I have two simple indexes:
First, 01.conf:
searchd
{
listen = 9301
listen = 9401:mysql41
pid_file = /var/run/sphinxsearch/searchd01.pid
log = /var/log/sphinxsearch/searchd01.log
query_log = /var/log/sphinxsearch/query01.log
binlog_path = /var/lib/sphinxsearch/data/test/01
}
source base
{
type = mysql
sql_host = localhost
sql_db = test
sql_user = root
sql_pass = toor
sql_query_pre = SET NAMES utf8
sql_attr_uint = group_id
}
source test : base
{
sql_query = \
SELECT id, group_id, UNIX_TIMESTAMP(date_added) AS date_added, title, content \
FROM documents WHERE id % 2 = 0
}
index test
{
source = test
path = /var/lib/sphinxsearch/data/test/01
}
Second looks like first but with "02" instead "01" in filename and inside.
And distributed index in 00.conf:
searchd
{
listen = 9305
listen = 9405:mysql41
pid_file = /var/run/sphinxsearch/searchd00.pid
log = /var/log/sphinxsearch/searchd00.log
query_log = /var/log/sphinxsearch/query00.log
binlog_path = /var/lib/sphinxsearch/data/test
}
index test
{
type = distributed
agent = 127.0.0.1:9301:test
agent = 127.0.0.1:9302:test
}
And I try to use distributed index:
sudo searchd --config /etc/sphinxsearch/d/00.conf --stop
sudo searchd --config /etc/sphinxsearch/d/01.conf --stop
sudo searchd --config /etc/sphinxsearch/d/02.conf --stop
sudo searchd --config /etc/sphinxsearch/d/01.conf
sudo searchd --config /etc/sphinxsearch/d/02.conf
sudo indexer --all --rotate --config /etc/sphinxsearch/d/01.conf
sudo indexer --all --rotate --config /etc/sphinxsearch/d/02.conf
sudo searchd --config /etc/sphinxsearch/d/00.conf
Unfortunately I obtain next output:
...
using config file '/etc/sphinxsearch/d/00.conf'...

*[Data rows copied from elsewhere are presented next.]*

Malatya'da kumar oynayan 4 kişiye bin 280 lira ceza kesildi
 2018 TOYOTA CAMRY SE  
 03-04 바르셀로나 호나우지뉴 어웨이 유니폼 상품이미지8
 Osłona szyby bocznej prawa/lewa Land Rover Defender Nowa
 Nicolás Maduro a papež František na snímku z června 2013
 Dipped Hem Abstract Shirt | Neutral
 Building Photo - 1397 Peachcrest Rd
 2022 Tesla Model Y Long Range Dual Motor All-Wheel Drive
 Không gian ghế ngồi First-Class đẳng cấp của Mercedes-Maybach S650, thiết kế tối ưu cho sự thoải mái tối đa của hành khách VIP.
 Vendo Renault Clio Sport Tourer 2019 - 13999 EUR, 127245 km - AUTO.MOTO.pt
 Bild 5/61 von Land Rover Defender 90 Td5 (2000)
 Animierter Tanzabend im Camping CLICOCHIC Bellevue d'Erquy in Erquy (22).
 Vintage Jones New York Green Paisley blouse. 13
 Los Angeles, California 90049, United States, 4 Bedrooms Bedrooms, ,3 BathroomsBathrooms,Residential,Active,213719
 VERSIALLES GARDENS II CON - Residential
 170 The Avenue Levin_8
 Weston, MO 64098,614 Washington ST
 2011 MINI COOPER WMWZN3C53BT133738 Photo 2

listening on all interfaces, port=9305
listening on all interfaces, port=9405
precached 0 indexes in 0.000 sec
Why?
And when I try to search something with distributed index (9305):
no enabled local indexes to search.
And mysql indexes are works perfectly if I use them with port 9301 and 9302 respectively. But searching in distributed index returns nothing.
UPDATE
# tail /var/log/sphinxsearch/searchd00.log
[Thu Sep 29 23:43:04.599 2016] [ 2353] binlog: finished replaying /var/lib/sphinxsearch/data/test/binlog.001; 0.0 MB in 0.000 sec
[Thu Sep 29 23:43:04.599 2016] [ 2353] binlog: finished replaying total 4 in 0.000 sec
[Thu Sep 29 23:43:04.599 2016] [ 2353] accepting connections
[Thu Sep 29 23:43:24.336 2016] [ 2353] caught SIGTERM, shutting down
[Thu Sep 29 23:43:24.472 2016] [ 2353] shutdown complete
[Thu Sep 29 23:43:24.473 2016] [ 2352] watchdog: main process 2353 exited cleanly (exit code 0), shutting down
[Thu Sep 29 23:43:24.634 2016] [ 2404] watchdog: main process 2405 forked ok
[Thu Sep 29 23:43:24.635 2016] [ 2405] listening on all interfaces, port=9305
[Thu Sep 29 23:43:24.635 2016] [ 2405] listening on all interfaces, port=9405
[Thu Sep 29 23:43:24.636 2016] [ 2405] accepting connections
UPDATE2
Hmm... It seems what problem in querying data from Sphinx. Also I renamed distributed index into test1. Next code works well.
# mysql -h 127.0.0.1 -P 9405
mysql> select * from test1 where match ('one|two');
+------+----------+
| id | group_id |
+------+----------+
| 1 | 1 |
| 2 | 1 |
+------+----------+
2 rows in set (0,00 sec)
I think what problem was in old version of sphinxapi.php what I used.
precached 0 indexes in 0.000 sec
Well that it self, is normal. There are no local indexes to 'precache'. A distributed index has no index files to 'load' or (pre)cache.
... but searchd should still be running at the end of that. I think searchd should start up ok.
Try also checking
/var/log/sphinxsearch/searchd00.log
might have some more.
Although I suppose its possible sphinx will not startup without any real indexes (ie cant have JUST distributed index), so could just add a fake index to that config.